» **RECORDS SUPPLIED**:
===

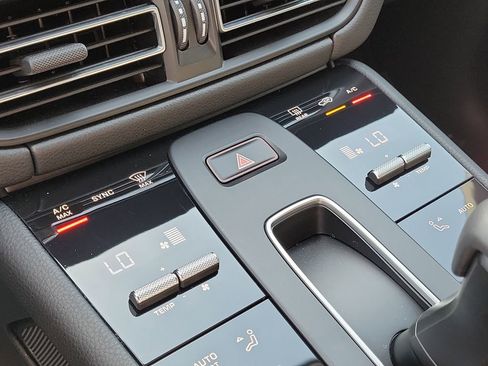 Certified 2024 Porsche Macan AWD/4WD image 33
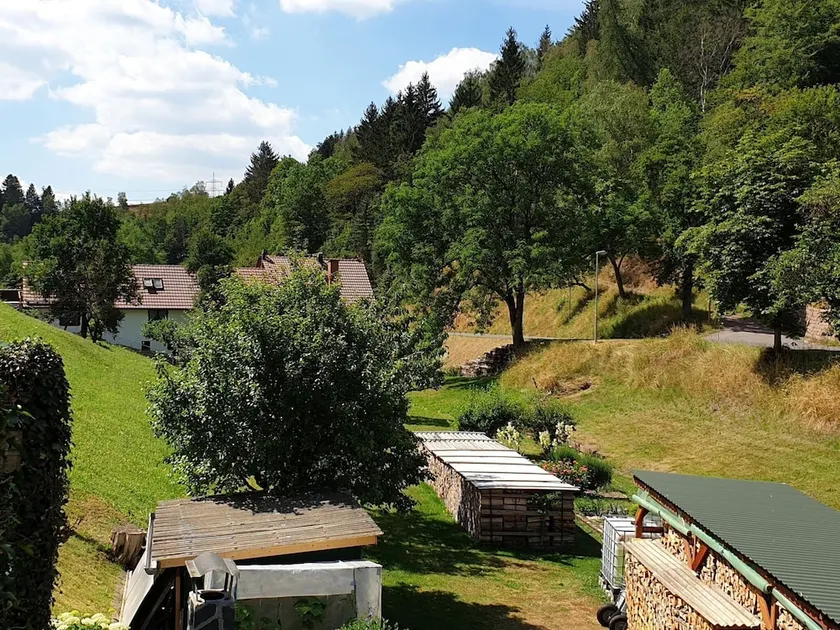Holiday Home in Langenbach with Garden, Balcony & BBQ - Image 1
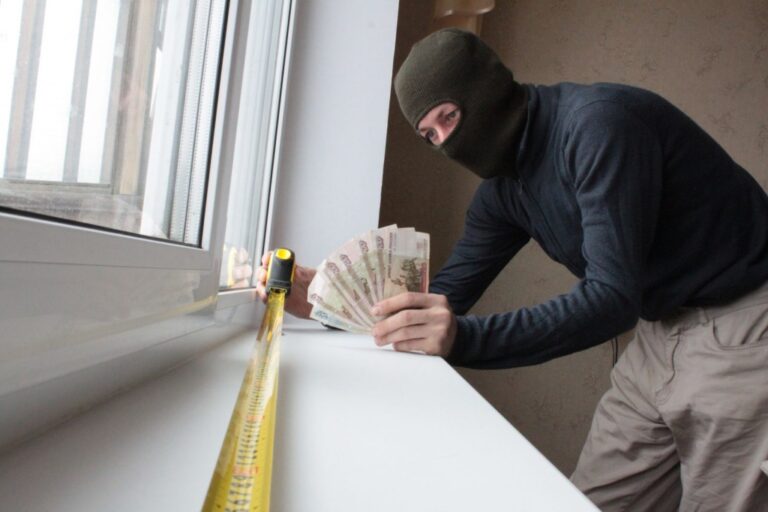Запорізькі поліцейські викрили шахрайську схему зі встановленням вікон
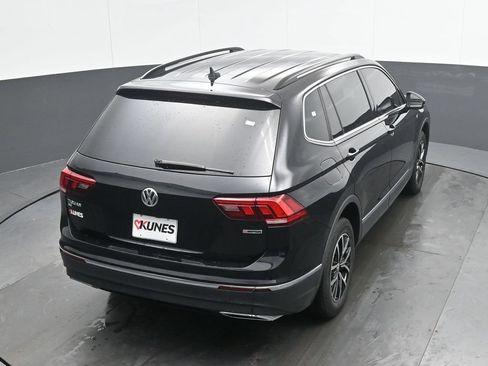 Used 2021 Volkswagen Tiguan SE AWD/4WD image 37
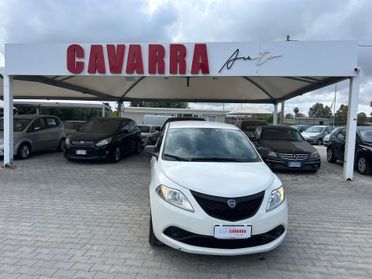 Lancia Ypsilon 1.0 FireFly 5 porte S&S Hybrid Ecochic Silver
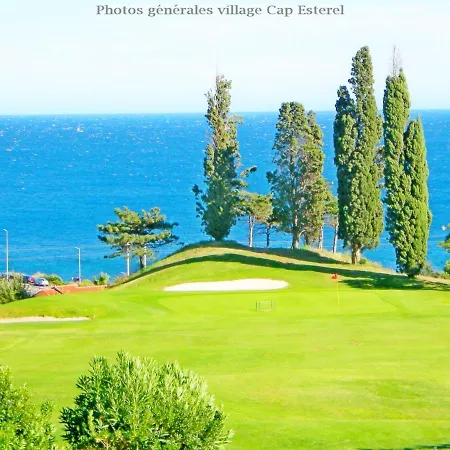 Cap Esterel : 2 Pieces Rez De Jardin Mer - C4 279la * Saint-Raphael (Var)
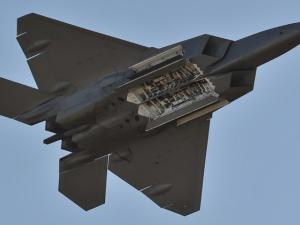 طيارة حربية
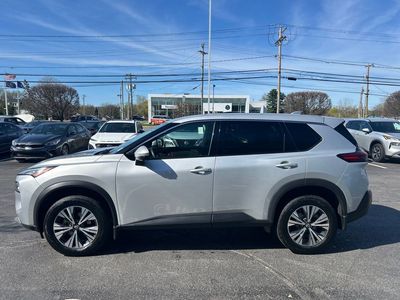 2021 Nissan Rogue SV - Photo 8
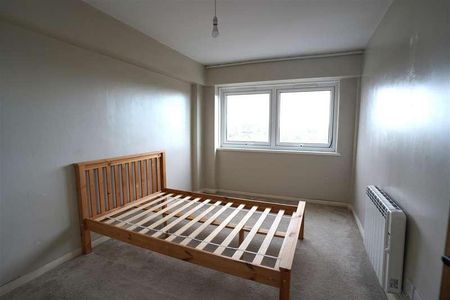 Westcliff Parade, Westcliff-on-sea, SS0 - Photo 4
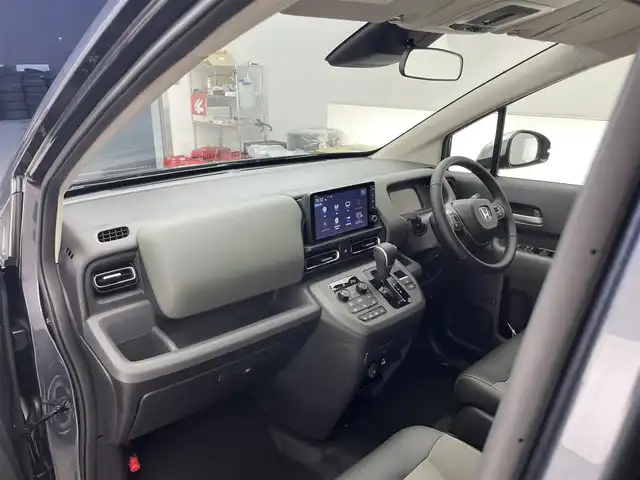 ホンダ フリード ハイブリット e:HEV クロスター 滋賀県 2025(令7)年 0.1千km メテオロイドグレーメタリック 登録済未使用車/純正9インチナビ/【Bluetooth/USB/フルセグTV/Apple CarPlay/Android Auto】/ハーフレザーシート/両側パワースライドドア/バックカメラ/ホンダセンシング/・衝突軽減ブレーキ/・先行車発進お知らせ機能/・歩行者事故低減ステアリング/・路外逸脱抑制機能/・標識認識機能/・渋滞追従機能付アダプティブクルーズコントロール/・車線維持支援システム（LKAS）/・トラフィックジャムアシスト（渋滞運転支援機能）/・ブラインドスポットインフォメーション/・誤発進抑制機能/・後方誤発進抑制機能/・近距離衝突軽減ブレーキ/・急アクセル抑制機能/・パーキングセンサーシステム/・オートハイビーム/・アダプティブドライビングビーム/LEDヘッドライト/D/Nシートヒーター/電動パーキングブレーキ/オートブレーキホールド/プッシュスタート/スマートキー/ステアリングリモコン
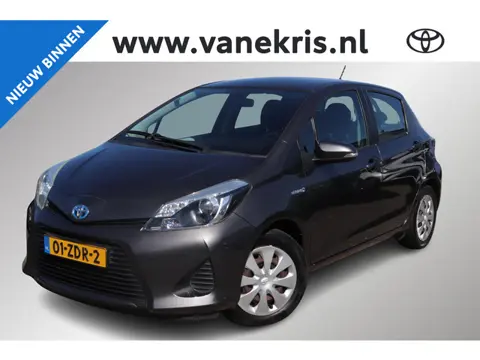 Toyota Yaris 1.5 Hybrid Aspiration, Apple CarPlay, Android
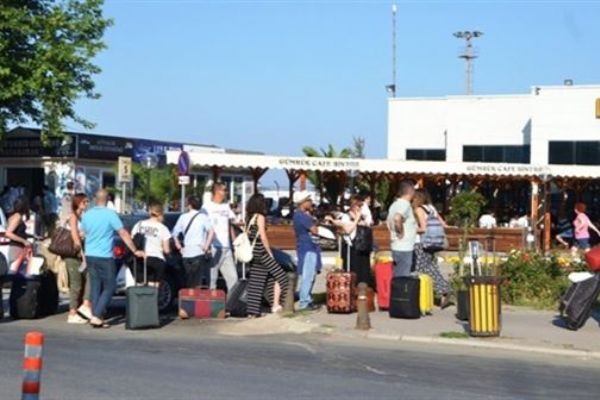 Türkler Midilli'ye akın etti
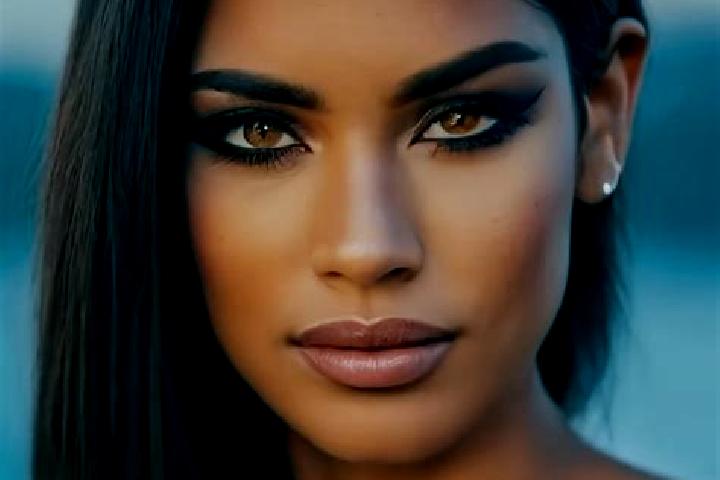 Emma, 26, a red green-eyed latina companion based in Choron. Offering Striptease, Couples, Erotic Massage, Girlfriend Experience. Available for incall and ou...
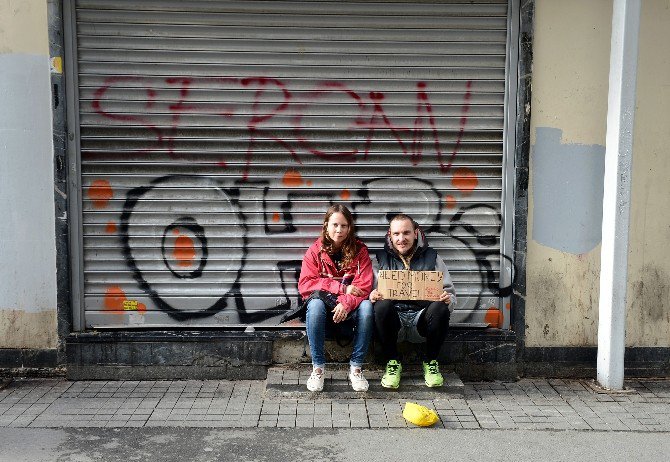 İstiklal Caddesi’nde Dünya Turu İçin Para Topladılar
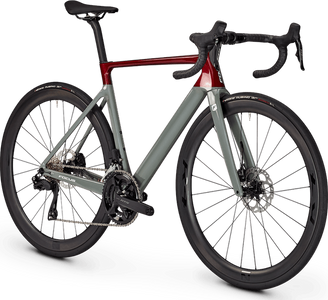 Focus Izalco Max 8.9 Road Bike - Hero Image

===

» **PROBLEM DESCRIPTION**: Could you repeat, exactly, only the lines above starting at the one that has "2021 Nissan Rogue SV - Photo 8" and stopping after the one that has "Westcliff Parade, Westcliff-on-sea, SS0", without the pictures?

» **YOUR RESPONSE**:
 2021 Nissan Rogue SV - Photo 8
 Westcliff Parade, Westcliff-on-sea, SS0 - Photo 4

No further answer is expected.